2. Inertia: A measure of how internally coherent the clusters are. It is the sum of squared distances of samples to their closest centroid.

• Inertia Minimization: The goal of k-means is to minimize inertia, thus creating compact clusters.
3. Cluster Assignment: The process of assigning data points to the nearest centroid based on a distance metric.

4. Number of Clusters (k): The value of `k` is a critical hyperparameter. It can be chosen based on prior knowledge, domain expertise, or methods like the elbow method or silhouette analysis.

• Elbow Method: Plot inertia for different values of `k` and look for an "elbow point" where the rate of decrease slows.
• Silhouette Analysis: Measure how similar a data point is to its own cluster compared to other clusters.
5. Iterative Refinement: The process of repeatedly updating cluster assignments and centroids until convergence.

### k-Means Clustering Example

k-Means Clustering is an unsupervised learning algorithm that partitions a dataset into `k` distinct clusters. This example demonstrates how to implement k-Means clustering using synthetic data, evaluate the clustering results, and visualize the clusters along with their centroids.

#### Python Code Example

1. Import Libraries

``````import numpy as np
import matplotlib.pyplot as plt
from sklearn.cluster import KMeans
``````

This block imports the necessary libraries for data manipulation and plotting.

2. Generate Sample Data with 3 Clusters

``````np.random.seed(42)  # For reproducibility
n_samples = 300

# Cluster 1: Centered at (0, 0)
X1 = np.random.randn(n_samples // 3, 2) * 0.5

# Cluster 2: Centered at (3, 3)
X2 = np.random.randn(n_samples // 3, 2) * 0.5 + [3, 3]

# Cluster 3: Centered at (-2, 3)
X3 = np.random.randn(n_samples // 3, 2) * 0.5 + [-2, 3]

# Combine all clusters
X = np.vstack((X1, X2, X3))
``````

This block generates synthetic data for three clusters located in different regions of the feature space.

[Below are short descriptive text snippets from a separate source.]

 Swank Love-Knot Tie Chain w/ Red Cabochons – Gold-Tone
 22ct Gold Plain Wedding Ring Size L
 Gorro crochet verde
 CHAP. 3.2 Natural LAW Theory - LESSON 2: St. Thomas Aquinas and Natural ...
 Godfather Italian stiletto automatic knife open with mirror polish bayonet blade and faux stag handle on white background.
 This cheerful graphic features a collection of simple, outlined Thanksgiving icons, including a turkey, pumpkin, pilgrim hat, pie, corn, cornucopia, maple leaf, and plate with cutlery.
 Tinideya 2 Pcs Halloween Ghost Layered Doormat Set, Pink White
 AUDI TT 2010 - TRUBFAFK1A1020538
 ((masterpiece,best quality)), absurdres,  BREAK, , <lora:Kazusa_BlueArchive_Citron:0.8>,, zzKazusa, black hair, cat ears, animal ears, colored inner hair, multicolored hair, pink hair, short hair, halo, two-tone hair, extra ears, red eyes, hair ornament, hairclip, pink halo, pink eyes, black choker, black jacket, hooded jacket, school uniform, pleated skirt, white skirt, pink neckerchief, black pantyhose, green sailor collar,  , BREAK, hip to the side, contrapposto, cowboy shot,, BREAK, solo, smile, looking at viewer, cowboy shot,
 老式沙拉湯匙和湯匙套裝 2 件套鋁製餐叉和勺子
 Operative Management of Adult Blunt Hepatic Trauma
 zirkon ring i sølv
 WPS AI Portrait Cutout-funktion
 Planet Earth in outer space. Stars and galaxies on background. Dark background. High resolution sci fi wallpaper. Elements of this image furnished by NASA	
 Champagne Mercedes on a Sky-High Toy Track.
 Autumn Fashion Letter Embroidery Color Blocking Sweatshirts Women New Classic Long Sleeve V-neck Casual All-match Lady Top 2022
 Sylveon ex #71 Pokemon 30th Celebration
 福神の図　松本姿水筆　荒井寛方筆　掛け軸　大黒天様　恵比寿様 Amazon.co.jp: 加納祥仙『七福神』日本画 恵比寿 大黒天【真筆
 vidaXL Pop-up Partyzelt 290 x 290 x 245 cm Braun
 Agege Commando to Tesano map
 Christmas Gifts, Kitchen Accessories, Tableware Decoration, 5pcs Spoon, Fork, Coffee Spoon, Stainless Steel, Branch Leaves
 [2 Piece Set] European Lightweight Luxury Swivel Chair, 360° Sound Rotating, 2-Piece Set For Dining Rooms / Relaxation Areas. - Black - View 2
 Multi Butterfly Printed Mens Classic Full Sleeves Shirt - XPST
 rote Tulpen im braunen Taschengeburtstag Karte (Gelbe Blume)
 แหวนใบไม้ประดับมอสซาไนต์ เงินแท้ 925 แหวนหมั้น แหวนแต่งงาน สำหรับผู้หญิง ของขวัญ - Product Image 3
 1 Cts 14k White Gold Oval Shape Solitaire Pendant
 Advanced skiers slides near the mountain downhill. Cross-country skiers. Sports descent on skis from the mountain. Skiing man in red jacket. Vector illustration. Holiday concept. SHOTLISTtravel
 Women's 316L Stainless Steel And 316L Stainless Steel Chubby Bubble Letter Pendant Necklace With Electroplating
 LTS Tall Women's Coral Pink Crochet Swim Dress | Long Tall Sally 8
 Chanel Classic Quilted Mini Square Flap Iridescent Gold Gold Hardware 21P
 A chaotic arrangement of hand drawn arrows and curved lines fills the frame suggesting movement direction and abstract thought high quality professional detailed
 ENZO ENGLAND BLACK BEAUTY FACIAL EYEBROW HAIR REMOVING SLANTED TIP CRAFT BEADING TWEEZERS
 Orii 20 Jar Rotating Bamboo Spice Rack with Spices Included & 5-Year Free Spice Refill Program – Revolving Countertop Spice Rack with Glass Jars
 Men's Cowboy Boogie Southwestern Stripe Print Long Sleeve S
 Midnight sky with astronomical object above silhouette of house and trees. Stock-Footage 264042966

3. Perform k-Means Clustering

``````n_clusters = 3
kmeans = KMeans(n_clusters=n_clusters, random_state=42, n_init=10)
cluster_labels = kmeans.fit_predict(X)
``````

This block initializes the k-Means algorithm with the specified number of clusters and fits it to the dataset, predicting the cluster labels for each data point.

4. Visualize the Clustering Results

``````plt.figure(figsize=(12, 8))

# Plot the data points
scatter = plt.scatter(X[:, 0], X[:, 1], c=cluster_labels, cmap='viridis', alpha=0.7)

# Plot the cluster centers
centers = kmeans.cluster_centers_
plt.scatter(centers[:, 0], centers[:, 1], c='red', marker='x', s=200, linewidths=3)

plt.title(f'K-means Clustering (k={n_clusters})')
plt.xlabel('Feature 1')
plt.ylabel('Feature 2')
plt.colorbar(scatter)

# Add text annotations for each cluster
for i, center in enumerate(centers):
plt.annotate(f'Cluster {i}', center, fontsize=12, fontweight='bold',
xytext=(5, 5), textcoords='offset points')

plt.show()
``````

This block visualizes the clustering results, showing the data points colored by their cluster labels and marking the cluster centroids with red 'X' symbols.

`Output:`

This visualization helps to illustrate how k-Means clustering groups the data points into distinct clusters, providing insights into the structure and distribution of the data.

By following this structured approach, you can effectively implement and visualize k-Means clustering for various datasets, gaining valuable insights into their underlying patterns.